* INFORMATION SHOWN:
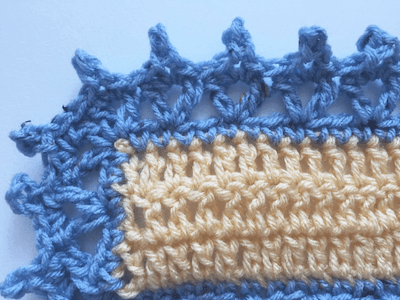 Crochet V-Stitch And Picot Edging Pattern by The Spruce Crafts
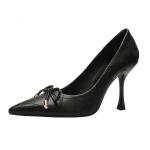 8668-3 Korean style fashion pointed shallow mouth high heels bowknot net red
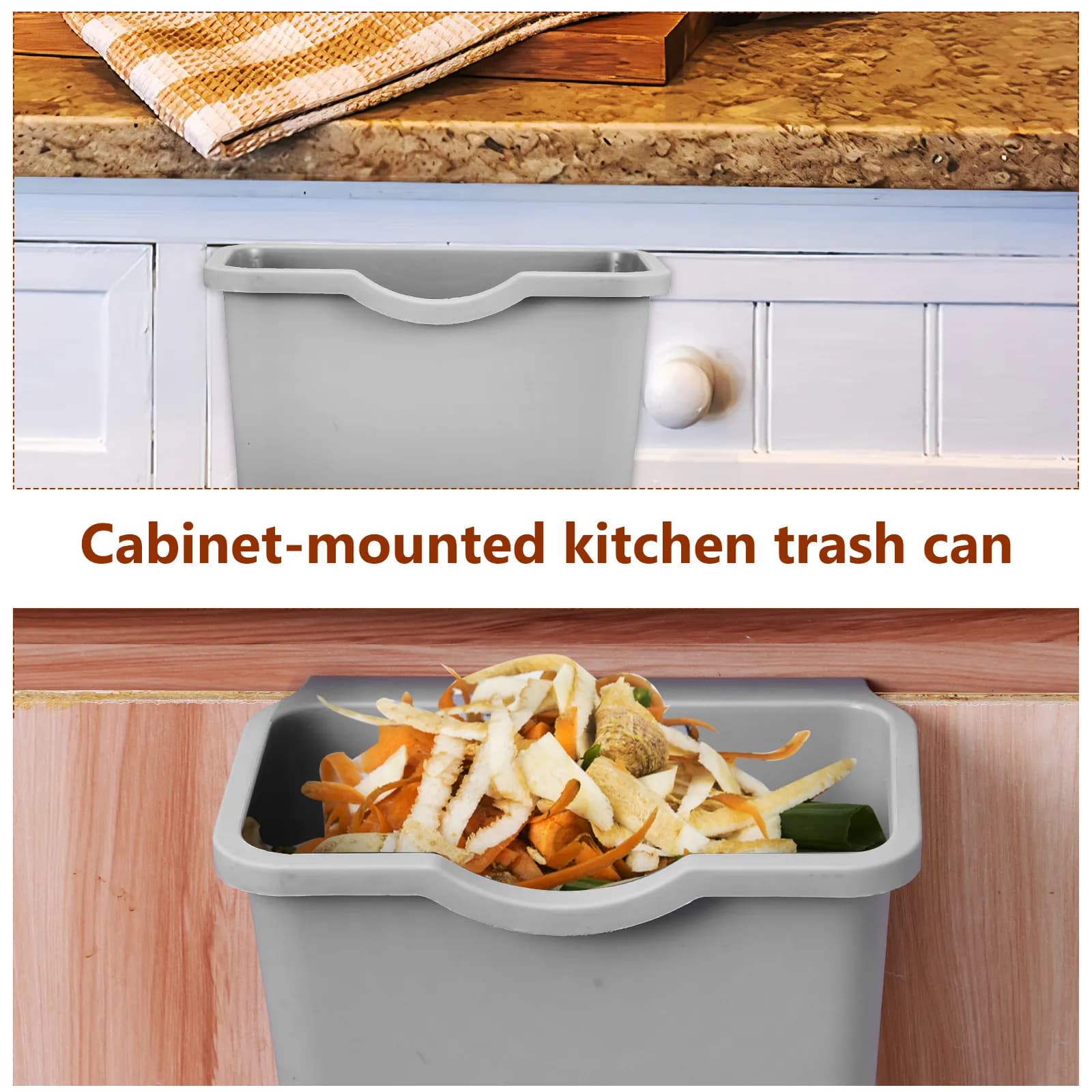 Cestino per Rifiuti da Cucina Sospeso, Piccolo Contenitore per Compostaggio da Appendere alla Porta dell'Armadio, Salvaspazio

* TASK DESCRIPTION: Please set down each line of the data above exactly as written, without the pictures.

* TASK ANSWER:
 Crochet V-Stitch And Picot Edging Pattern by The Spruce Crafts
 8668-3 Korean style fashion pointed shallow mouth high heels bowknot net red
 Cestino per Rifiuti da Cucina Sospeso, Piccolo Contenitore per Compostaggio da Appendere alla Porta dell'Armadio, Salvaspazio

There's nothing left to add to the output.